Solving Electromagnetic Tensor & B-Field

[StuartY]

Hello, first off, I'm not sure if I put this question in the right place so sorry about that.
Given B_i = 1/2 ε_ijk F_jk how would you find F in terms of B? I think you multiply through by another Levi-Civita, but then I don't know what to do after that. Any help would much appreciated.

 

[DuckAmuck]

That's correct. When you multiple two levi-civitas, and end up with delta functions. Then you take advantage of F being antisymmetric.

B_i = \frac{1}{2} \epsilon_{ijk} F^{jk}
\epsilon^{imn} B_i = \frac{1}{2} \epsilon^{imn} \epsilon_{ijk} F^{jk}
\epsilon^{imn} B_i = \frac{1}{2} (\delta^m_j \delta^n_k - \delta^n_j \delta^m_k) F^{jk}
\epsilon^{imn} B_i = \frac{1}{2} (F^{mn} - F^{nm})
F^{nm} = - F^{mn}

after some relabeling:
\epsilon^{ijk} B_i = F^{jk}

 

[Orodruin]

That's correct. When you multiple two levi-civitas, you end up with a variety of results depending on how many indices are shared. In the case you want here, 2 are shared: \epsilon^{jkl} \epsilon_{ijk} = 2 \delta^{l}_i

B_i = \frac{1}{2} \epsilon_{ijk} F^{jk}
\epsilon^{jkl} B_i = \frac{1}{2} \epsilon^{jkl} \epsilon_{ijk} F^{jk}
\epsilon^{jkl} B_i = \frac{1}{2} 2 \delta^{l}_i F^{jk}

This is wrong, you can never have three of the same index when using the Einstein summation convention. You are using the same letter for some free indices as for some summation indices and then you confuse which is what. The thing to use is the standard epsilon-delta relation with only one index summed over and compute $\epsilon_{mni} B_i$. I will leave the actual computation for the OP.

 

[DuckAmuck]

This is wrong, you can never have three of the same index when using the Einstein summation convention. You are using the same letter for some free indices as for some summation indices and then you confuse which is what. The thing to use is the standard epsilon-delta relation with only one index summed over and compute $\epsilon_{mni} B_i$. I will leave the actual computation for the OP.

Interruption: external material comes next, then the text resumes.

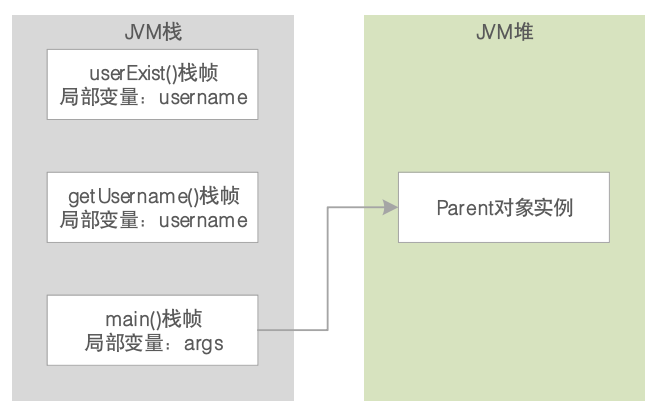 JVM系统优化实践（2）：JVM内存与回收_GC_07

My bad. I guess I just remember the answer, and forgot how to do math. I fixed it.

 

[vanhees71]

Just use the identity
$$\epsilon_{ijk} \epsilon_{ilm}=\delta_{jl} \delta_{km} - \delta_{jm} \delta_{kl}.$$
The Hodge dual of a Hodge dual leads back to the original (up to signs), e.g.,
$$B_j=\epsilon_{jkl} F_{kl}=2(^{\dagger} F)_{j}$$
leads to
$$\epsilon_{abj}B_j=\epsilon_{jab} B_j=\epsilon_{jab} \epsilon_{jkl} F_{kl}=(\delta_{ak} \delta_{bl}-\delta_{al} \delta_{bk})) F_{kl}=F_{ab}-F_{ba}=2F_{ab}.$$
So indeed you have
$$^{\dagger \dagger} F=F.$$
Note that all this is in usual 3D Carrtesian notation. If you want to have this covariantly in Minkowski space you must be careful with the signs of the 4D Levi-Civita tensor. It also differs from one textbook to the other. So make sure you know the convention used in your textbook!